The yen declined to a two-week low against the euro and lost versus several other currencies as a report in China indicated an increase in manufacturing, helping investors to be confident to purchase high-yielding assets throughout the world.
The Japanese yen had a very negative performance this Wednesday losing ground against all main 6 currencies traded globally, after China post the fourth manufacturing expansion in a row, suggesting that the Asian nation is recovering quickly from the global slump and may lead other countries on their way out of recession, raising confidence among traders to sell their assets in Japan in order to purchase riskier assets, since the yen is the lowest yielding currency option and often referred as a refuge in stormy economic times. The euro posted the sharpest gains versus the yen as European stocks had a positive day generally, adding to the already favorable scenario for the euro to rally against the Japanese currency.

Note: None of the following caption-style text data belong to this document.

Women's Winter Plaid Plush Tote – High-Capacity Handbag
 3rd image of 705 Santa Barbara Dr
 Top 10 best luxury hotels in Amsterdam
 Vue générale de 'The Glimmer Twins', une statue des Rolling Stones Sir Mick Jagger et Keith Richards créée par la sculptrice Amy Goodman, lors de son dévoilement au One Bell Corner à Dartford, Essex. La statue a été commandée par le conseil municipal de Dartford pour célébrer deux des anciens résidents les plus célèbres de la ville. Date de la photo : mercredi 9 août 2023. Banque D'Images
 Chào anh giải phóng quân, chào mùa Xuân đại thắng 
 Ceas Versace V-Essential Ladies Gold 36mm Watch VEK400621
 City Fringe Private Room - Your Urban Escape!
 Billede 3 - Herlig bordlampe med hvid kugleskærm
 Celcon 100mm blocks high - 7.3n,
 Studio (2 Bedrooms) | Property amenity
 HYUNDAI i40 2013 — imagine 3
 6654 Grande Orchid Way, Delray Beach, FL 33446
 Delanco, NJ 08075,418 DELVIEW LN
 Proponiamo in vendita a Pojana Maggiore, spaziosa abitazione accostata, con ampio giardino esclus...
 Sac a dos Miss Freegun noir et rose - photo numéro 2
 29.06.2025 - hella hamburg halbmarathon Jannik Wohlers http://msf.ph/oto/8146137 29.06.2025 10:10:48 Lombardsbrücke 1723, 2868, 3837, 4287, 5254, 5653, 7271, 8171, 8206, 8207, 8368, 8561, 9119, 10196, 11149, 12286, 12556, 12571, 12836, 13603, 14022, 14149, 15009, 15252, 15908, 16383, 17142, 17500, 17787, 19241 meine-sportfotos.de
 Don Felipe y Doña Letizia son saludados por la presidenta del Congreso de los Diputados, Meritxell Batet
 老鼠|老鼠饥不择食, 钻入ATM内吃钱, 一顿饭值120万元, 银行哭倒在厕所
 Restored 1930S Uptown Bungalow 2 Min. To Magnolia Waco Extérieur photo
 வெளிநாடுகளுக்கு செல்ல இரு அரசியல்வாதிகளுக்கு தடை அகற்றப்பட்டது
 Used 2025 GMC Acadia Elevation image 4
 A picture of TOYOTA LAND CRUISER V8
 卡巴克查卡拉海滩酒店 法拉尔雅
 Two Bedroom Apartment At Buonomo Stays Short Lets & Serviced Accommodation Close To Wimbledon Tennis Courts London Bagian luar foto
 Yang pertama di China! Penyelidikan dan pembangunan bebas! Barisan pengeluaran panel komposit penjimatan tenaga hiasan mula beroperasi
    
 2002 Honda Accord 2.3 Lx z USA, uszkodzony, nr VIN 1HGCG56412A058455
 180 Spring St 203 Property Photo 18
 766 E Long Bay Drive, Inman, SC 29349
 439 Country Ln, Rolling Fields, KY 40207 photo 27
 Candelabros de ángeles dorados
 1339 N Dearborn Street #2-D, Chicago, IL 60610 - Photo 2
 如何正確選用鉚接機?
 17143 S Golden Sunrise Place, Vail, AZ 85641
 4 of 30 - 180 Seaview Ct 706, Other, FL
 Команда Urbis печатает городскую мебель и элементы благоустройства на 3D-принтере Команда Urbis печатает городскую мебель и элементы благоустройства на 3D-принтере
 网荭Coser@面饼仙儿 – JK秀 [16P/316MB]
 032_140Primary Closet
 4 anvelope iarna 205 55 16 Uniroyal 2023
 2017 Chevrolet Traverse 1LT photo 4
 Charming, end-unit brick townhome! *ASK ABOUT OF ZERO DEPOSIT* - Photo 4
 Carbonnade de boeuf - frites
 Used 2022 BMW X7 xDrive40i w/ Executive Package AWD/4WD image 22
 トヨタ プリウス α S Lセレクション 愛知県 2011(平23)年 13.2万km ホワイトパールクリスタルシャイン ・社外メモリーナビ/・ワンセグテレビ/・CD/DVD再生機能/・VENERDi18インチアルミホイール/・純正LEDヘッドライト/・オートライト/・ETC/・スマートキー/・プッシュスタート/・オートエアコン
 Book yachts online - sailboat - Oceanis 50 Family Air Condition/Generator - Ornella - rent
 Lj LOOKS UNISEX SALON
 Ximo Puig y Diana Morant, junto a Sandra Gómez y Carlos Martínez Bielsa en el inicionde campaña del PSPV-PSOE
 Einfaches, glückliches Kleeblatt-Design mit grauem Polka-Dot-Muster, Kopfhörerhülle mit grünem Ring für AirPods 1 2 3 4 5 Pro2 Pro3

Chinas positive figures have pushed Japanese investors to go abroad and purchase riskier options, according to analysts. As long as the Chinese reports continue to signal an economic recovery, they will immediately reflect in the Japanese currency, since a significant number of traders opted for the yen as a refuge during the global slump, and now, as confidence improves, they are returning to assets which were attractive before the recession.
USD/JPY rose to 96.88 as of 10:54 GMT from 95.95 in the intraday chart. EUR/JPY climbed to 136.18 from 135.55.